Is time clock rounding a legal practice in California?

On Behalf of | Mar 5, 2024 | Firm News |

Paying workers an agreed-upon wage is perhaps the most basic responsibility of modern employers. Workers have a right to receive fair wages in accordance with their employment agreements and applicable laws. Both federal laws and California state statutes help protect employees from abuses by employers.

California actually has more robust wage and hour protections than much of the rest of the country. State law expands on overtime protections in several ways, for example. There are also key differences between California pay rules and federal fair pay standards. Those differences rely both on statutes implemented by lawmakers and precedents created during court cases. Some companies employ practices when dealing with California workers that might be legal elsewhere but technically violate state standards.

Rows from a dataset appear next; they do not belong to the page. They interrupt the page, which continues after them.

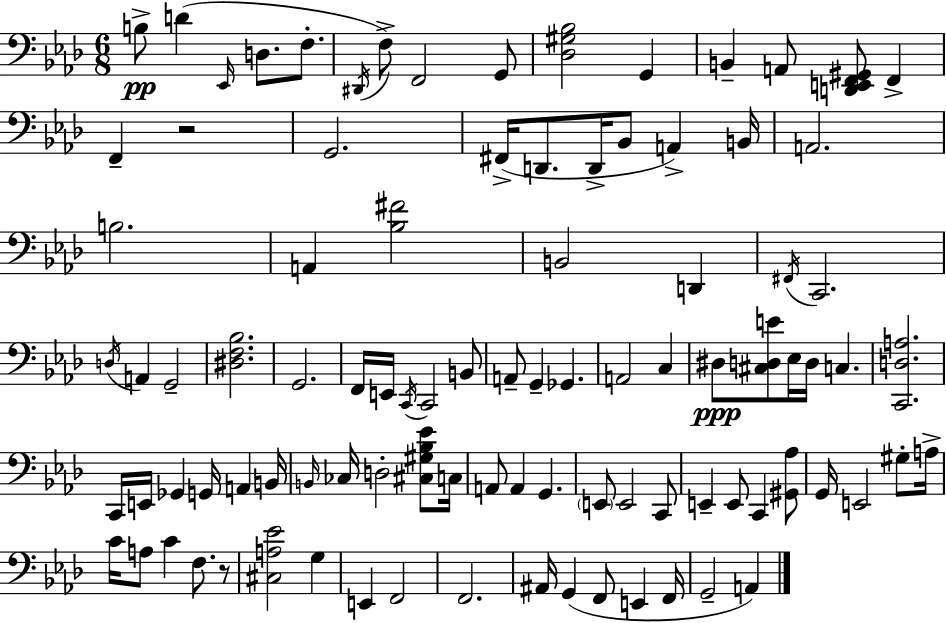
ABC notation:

X:1
T:Untitled
M:6/8
L:1/4
K:Fm
B,/2 D _E,,/4 D,/2 F,/2 ^D,,/4 F,/2 F,,2 G,,/2 [_D,^G,_B,]2 G,, B,, A,,/2 [D,,E,,F,,^G,,]/2 F,, F,, z2 G,,2 ^F,,/4 D,,/2 D,,/4 _B,,/2 A,, B,,/4 A,,2 B,2 A,, [_B,^F]2 B,,2 D,, ^F,,/4 C,,2 D,/4 A,, G,,2 [^D,F,_B,]2 G,,2 F,,/4 E,,/4 C,,/4 C,,2 B,,/2 A,,/2 G,, _G,, A,,2 C, ^D,/2 [^C,D,E]/2 _E,/4 D,/4 C, [C,,D,A,]2 C,,/4 E,,/4 _G,, G,,/4 A,, B,,/4 B,,/4 _C,/4 D,2 [^C,^G,_B,_E]/2 C,/4 A,,/2 A,, G,, E,,/2 E,,2 C,,/2 E,, E,,/2 C,, [^G,,_A,]/2 G,,/4 E,,2 ^G,/2 A,/4 C/4 A,/2 C F,/2 z/2 [^C,A,_E]2 G, E,, F,,2 F,,2 ^A,,/4 G,, F,,/2 E,, F,,/4 G,,2 A,,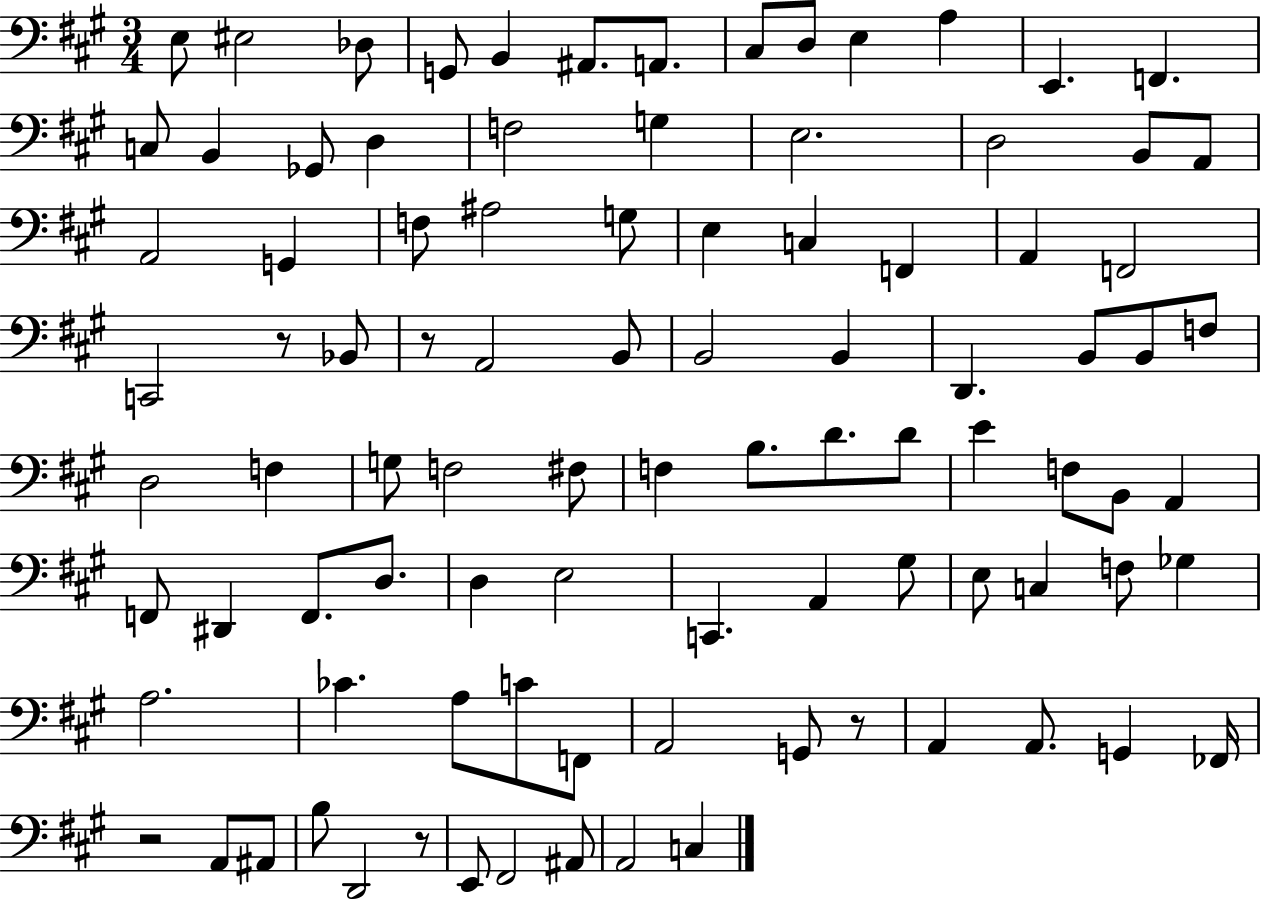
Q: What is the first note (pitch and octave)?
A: E3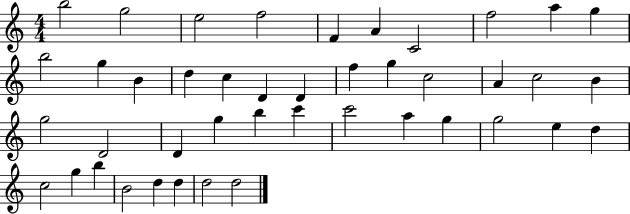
X:1
T:Untitled
M:4/4
L:1/4
K:C
b2 g2 e2 f2 F A C2 f2 a g b2 g B d c D D f g c2 A c2 B g2 D2 D g b c' c'2 a g g2 e d c2 g b B2 d d d2 d2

Is time clock rounding a lawful practice for businesses operating in California?

Courts have ruled on rounding practices

There was a time not that long ago when time clock rounding was a reasonable business decision. Having a single location to clock in or clock out can be an operational choke point that could very much slow down the beginning of shifts and lead to worker frustration when they are on their way out for the day.

Companies may have implemented a policy where they track a worker’s time not to the exact moment that they begin or end of the shift but rather to a specific increment of time. Companies often pay workers in five, 10 or even 15-minute increments. They might then engage in time clock rounding to pay workers.

The company rounds up or down the total number of minutes worked to the next appropriate increment. Time clock rounding lends itself to abuse, as employers may intentionally round down more often than they round up with calculating payroll. Even when companies are fair and neutral about rounding, the California courts have ruled that such practices likely violate state law.

The accessibility of highly-accurate timekeeping software systems makes time clock rounding unnecessary. It is a practice that may deny workers the pay that they deserve and could therefore justify litigation brought by frustrated employees. As such, pursuing a wage claim when a company violates California employment laws can potentially lead to both compensation for affected workers and changes to company practices.